During the winter, when the still-uncompleted 2017-18 budget-preparation exercise began, the state’s deficit was estimated to be about
$3 billion. Now, less than a month before the June 30 budget-preparation deadline, there’s still no concrete evidence that the state government’s legislative and executive branches have made significant progress in reducing that troubling number.
Still, Chicago-based energy company Exelon Corp., TMI’s owner, is threatening to close the plant in 2019, unless it receives government aid.
TMI has been unprofitable for years, and last month it was dealt another setback.
For the third year in a row, it didn’t find an advance buyer for its electricity in a regional power auction for the years 2020 and 2021.
On Wednesday, the Wall Street Journal reported that Exelon would accelerate the plant’s retirement unless it received a commitment of federal or state money.
The prospects for any money from Washington are unknown, but up to now Pennsylvania has been reluctant to subsidize it, as some states have done to keep their nuclear facilities operating.
The Journal quoted Exelon Chief Executive Chris Crane, who said, “Like New York and Illinois before it, (Pennsylvania) has an opportunity to take a leadership role by implementing a policy solution to preserve its nuclear-energy facilities.”
However, responses to that comment by state residents who realize the financial challenges Pennsylvania is facing might be “Fat chance” or “Don’t hold your breath.”
According to the Journal, TMI would be at least the fifth U.S. nuclear facility targeted for closing by 2025. Meanwhile, four other plants have closed during the past four years. The five proposed closings would shorten the nation’s nuclear power plant roster to about 60 facilities.
Across America, nuclear plants are facing stiff competition from other electricity sources, especially plants powered by natural gas.
As Pennsylvania is well aware, hydraulic fracturing, also known as fracking, has unlocked huge quantities of natural gas, both here and in some other states.
For the third year in a row, passage of a severance tax on natural gas drilling is a priority of Gov. Tom Wolf but, as it’s done for the 2015-16 and 2016-17 fiscal years, the Legislature won’t bow to the governor’s wish for 2017-18, fearing that the industry would curtail its Keystone State activity.

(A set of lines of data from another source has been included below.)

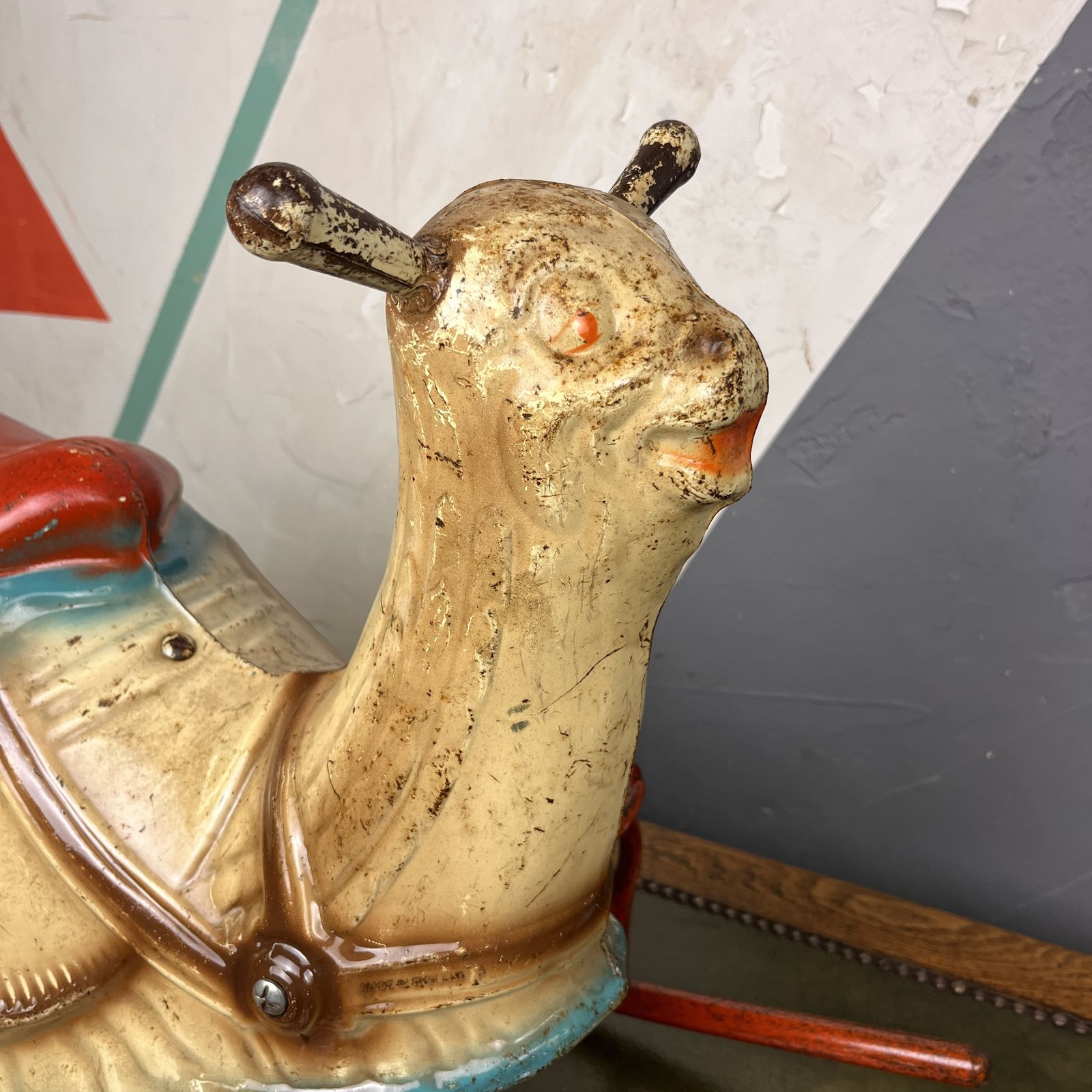 photo furniture 1940s Metal Mobo Rocking Snail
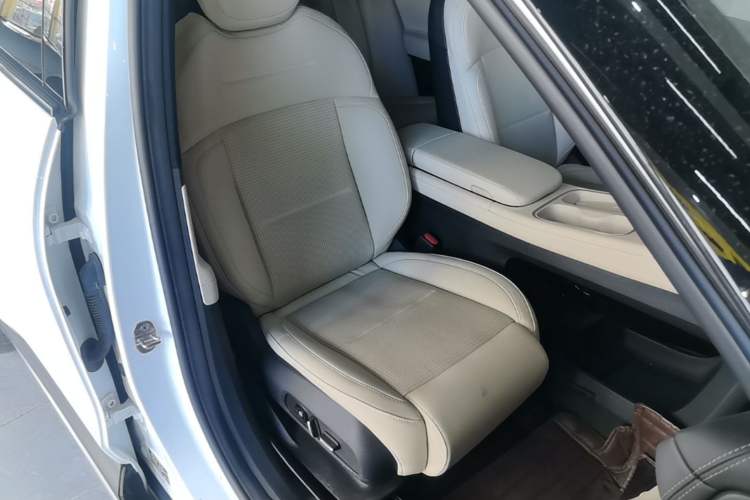 Used Nio ES6 2023 75 kWh Right Front Seat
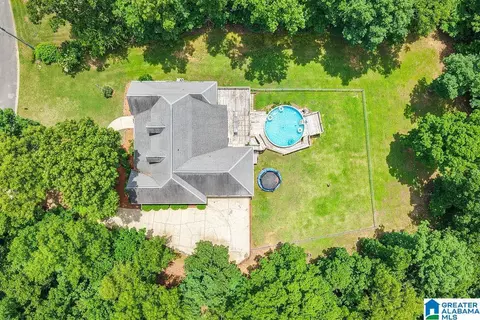 204 Hickory Hill Cir, Oneonta, AL 35121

On the issue of nuclear power plants’ demise, there’s a point to consider:
Without nuclear power as a competitive source, would power customers someday face significantly higher electricity bills, since competition helps to keep prices reasonable?
According to federal data, nuclear power generated 20 percent of U.S. electricity in 2016; natural gas, 34 percent; and coal, 30 percent, with the rest coming from renewable resources such as hydroelectric dams.

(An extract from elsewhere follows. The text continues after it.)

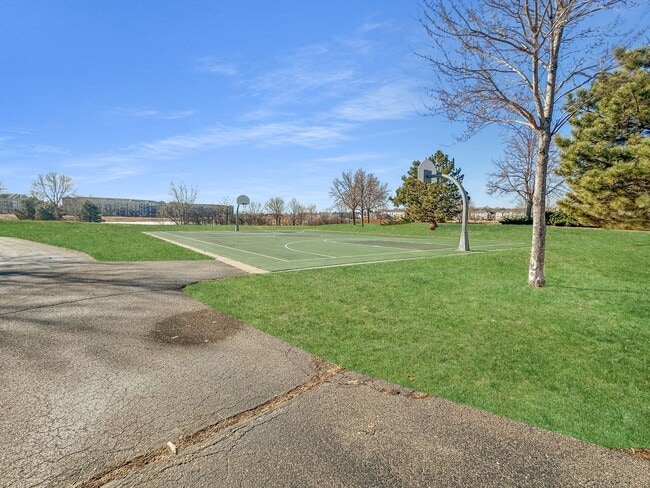 Building Photo - 8449 Forestview Ln N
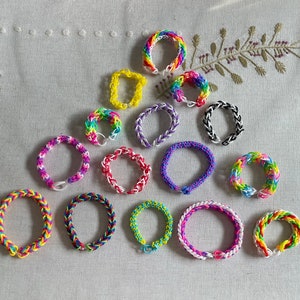 Rainbow Loom Hook Grip Tutorial (looks like a Pencil Charm) Tutorial /  Design (DIY Mommy)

Several nuclear plants are under construction in the southern United States, but they’re behind schedule, billions of dollars over budget, and not without uncertainties.
The closing of TMI would be a blow to this state, just like diminished activity by the natural gas industry.
Pennsylvania’s leaders are dealing with another difficult budget-preparation process, but they shouldn’t ignore TMI’s plight and future.